I'm going to really stir the pot with this post.
My Dali Megalines required 450 to 600 hours before they performed to their maximum. The bass was non existent until after 300 hours and deep bass not until nearly 600.
A good friend and member of my audio group experienced similar frustration with his Kharma Exquisite 1De. He waited beyond 650 hours before his speakers produced best performance.
In both cases, I have ten or so associates that heard the long progress and final results. Believe it or not, it's absolutely true.
Maybe it's the ceramic drivers in the Kharma, maybe the 24 woofers in my Dali's move so little that break in is tardy in arriving. Whatever the reason, it's audible and frustrating to wait through.

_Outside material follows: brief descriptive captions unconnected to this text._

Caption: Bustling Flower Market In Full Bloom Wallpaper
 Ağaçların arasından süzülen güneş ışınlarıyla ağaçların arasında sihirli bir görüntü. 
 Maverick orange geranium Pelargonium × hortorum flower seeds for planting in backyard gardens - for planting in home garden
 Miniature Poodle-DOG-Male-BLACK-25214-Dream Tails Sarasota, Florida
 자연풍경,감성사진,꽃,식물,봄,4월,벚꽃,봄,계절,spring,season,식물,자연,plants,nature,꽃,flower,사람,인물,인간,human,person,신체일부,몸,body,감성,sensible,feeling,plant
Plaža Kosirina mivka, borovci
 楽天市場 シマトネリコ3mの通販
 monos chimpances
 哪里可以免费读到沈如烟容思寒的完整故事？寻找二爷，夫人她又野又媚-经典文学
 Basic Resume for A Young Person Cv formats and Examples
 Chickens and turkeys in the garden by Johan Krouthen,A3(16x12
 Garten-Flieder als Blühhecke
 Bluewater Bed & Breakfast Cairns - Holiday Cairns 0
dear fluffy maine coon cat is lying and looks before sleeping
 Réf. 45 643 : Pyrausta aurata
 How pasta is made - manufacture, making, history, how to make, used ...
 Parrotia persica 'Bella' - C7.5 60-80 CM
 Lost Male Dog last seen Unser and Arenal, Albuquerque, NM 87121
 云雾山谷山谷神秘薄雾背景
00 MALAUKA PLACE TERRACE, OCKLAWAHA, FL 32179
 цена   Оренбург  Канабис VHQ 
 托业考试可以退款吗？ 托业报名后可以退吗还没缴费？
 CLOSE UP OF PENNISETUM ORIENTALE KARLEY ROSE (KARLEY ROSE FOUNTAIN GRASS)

My new tube crossover made a break through in performance this last Tuesday evening. Burn in was 605 hours at the end of the evening and a huge change from the week before when there was only 437 hours on the parts.
In the case of the crossover I know the slow break in is due to Teflon Caps, 14 in the main unit and more in the power supply. I called the manufacturer who designed and built the caps (the same guy that builds Cardas, V-Cap, DynamiCap and most of the other big names).
He was not surprised, said it would continue to about 1000 hours or beyond, same answer I got from several other engineers in the business.
My previous custom crossover was identical in design, hand built by the same guy and was working well at 50 hours, reaching maximum performance at about 350 hours.
The difference? It had traditional caps from Wima, F-Dyne and Illinois capacitor and half the chokes and power supply. Everything makes a difference when all the parts are pushed to the limit.